### EXERCISE PROMPT
When you transcribe the entries, reproduce every character and exclude the images.

[Data excerpts]
- Opening Delimiter -

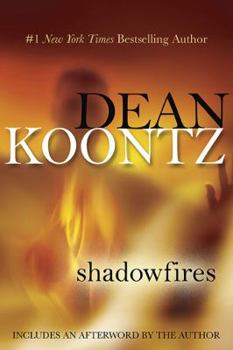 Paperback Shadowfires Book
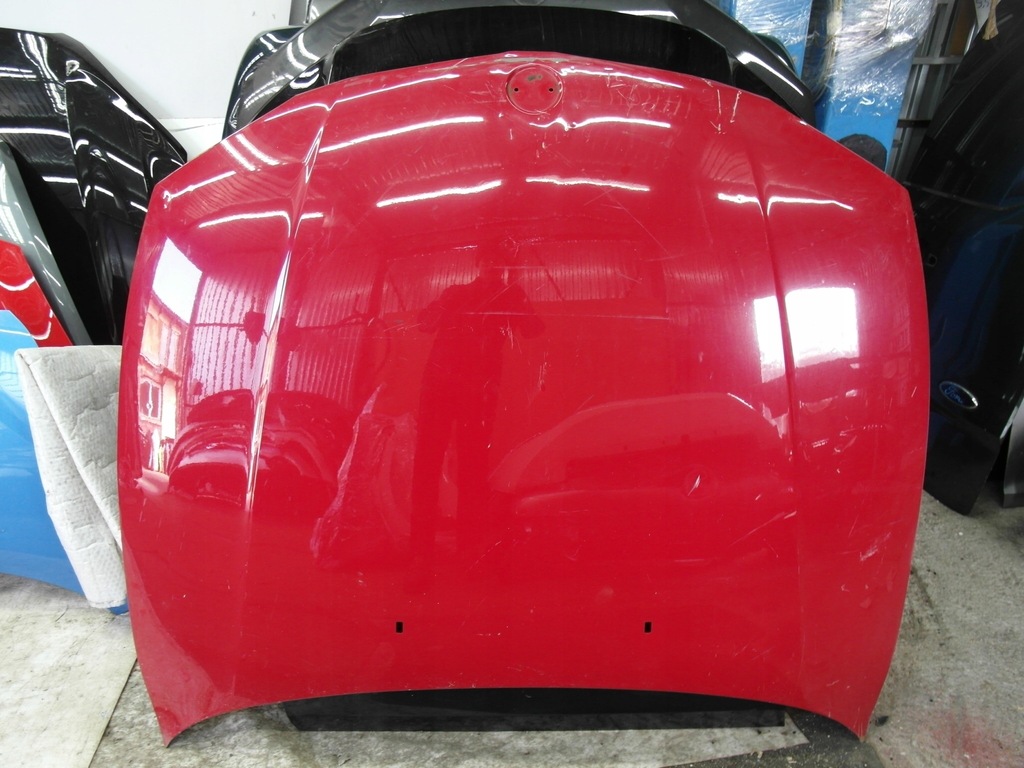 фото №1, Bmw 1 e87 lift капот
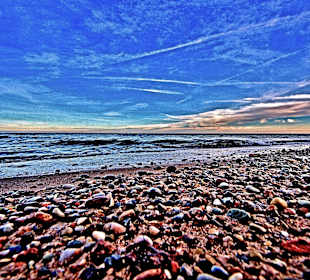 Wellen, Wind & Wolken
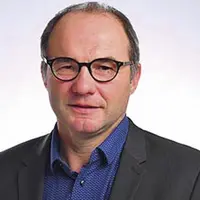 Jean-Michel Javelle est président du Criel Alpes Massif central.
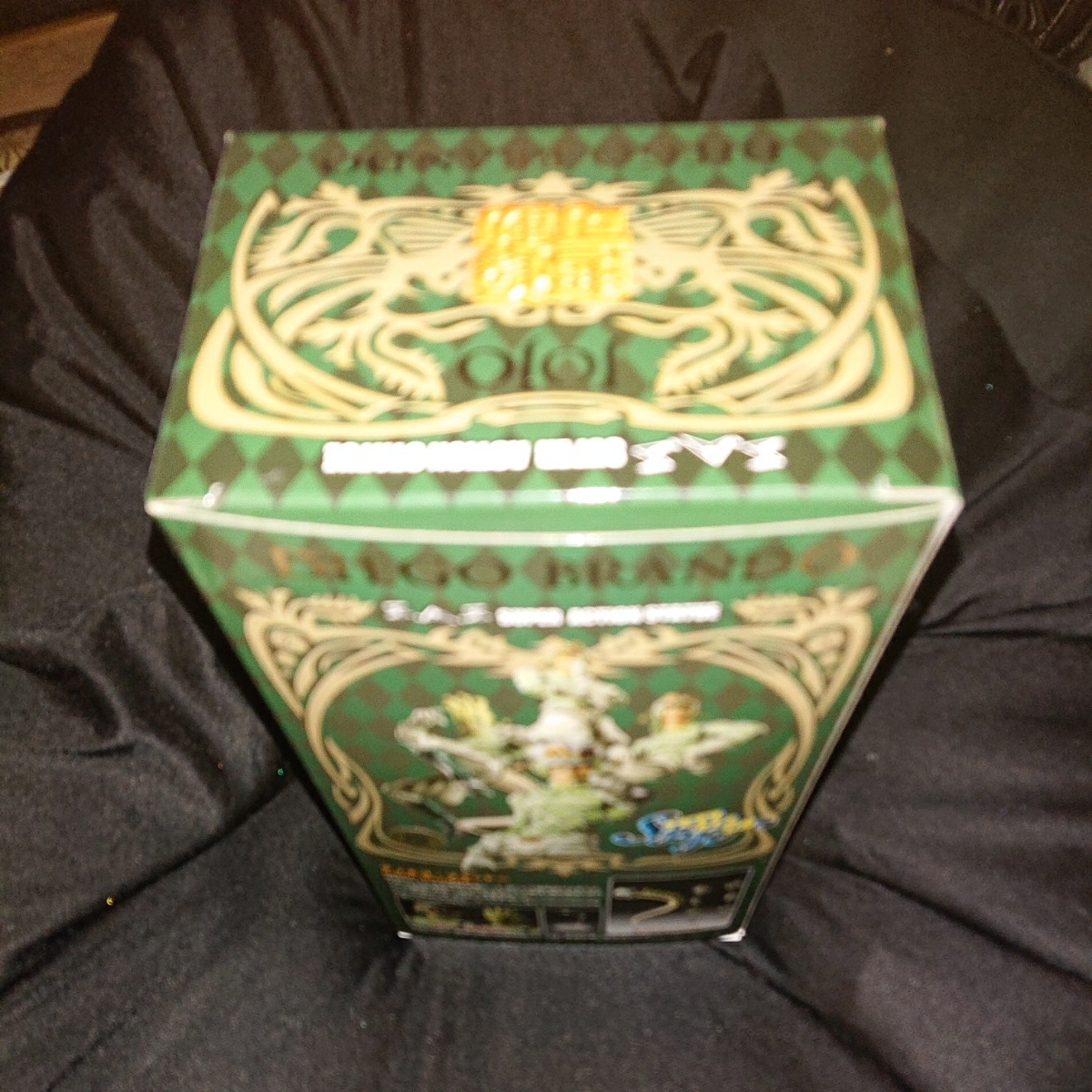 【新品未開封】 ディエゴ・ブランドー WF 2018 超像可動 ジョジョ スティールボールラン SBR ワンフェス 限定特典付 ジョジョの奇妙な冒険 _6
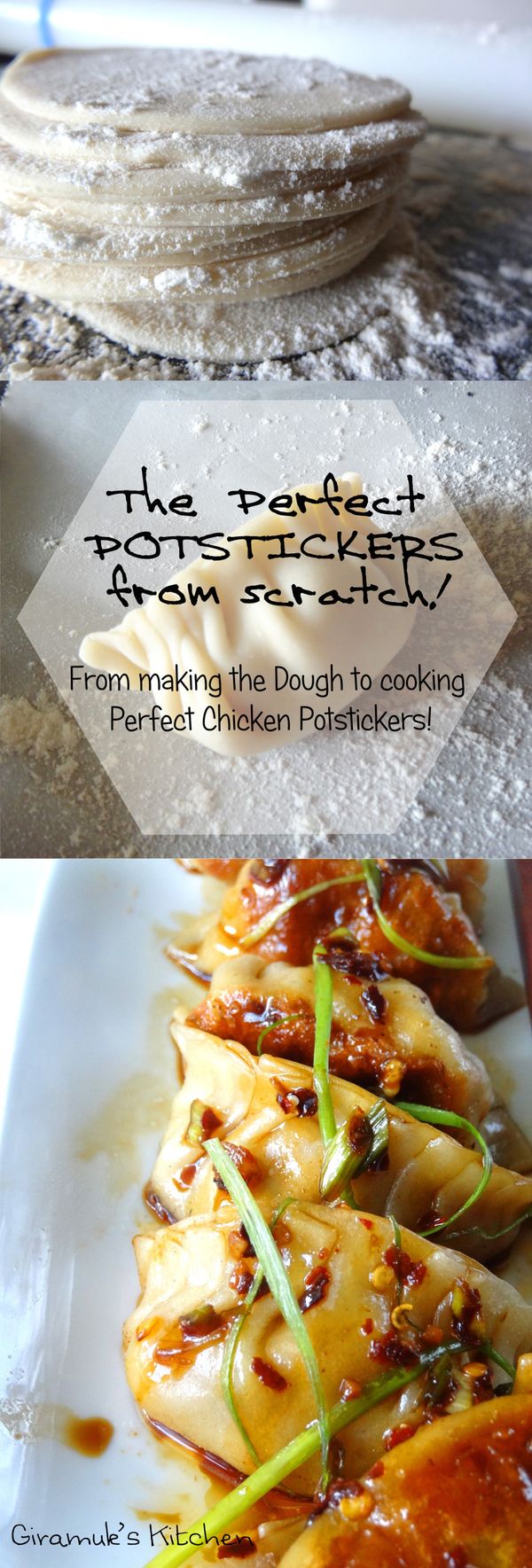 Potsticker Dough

- Closing Delimiter -

### ANSWER FOR THIS EXERCISE
 Paperback Shadowfires Book
 фото №1, Bmw 1 e87 lift капот
 Wellen, Wind & Wolken
 Jean-Michel Javelle est président du Criel Alpes Massif central.
 【新品未開封】 ディエゴ・ブランドー WF 2018 超像可動 ジョジョ スティールボールラン SBR ワンフェス 限定特典付 ジョジョの奇妙な冒険 _6
 Potsticker Dough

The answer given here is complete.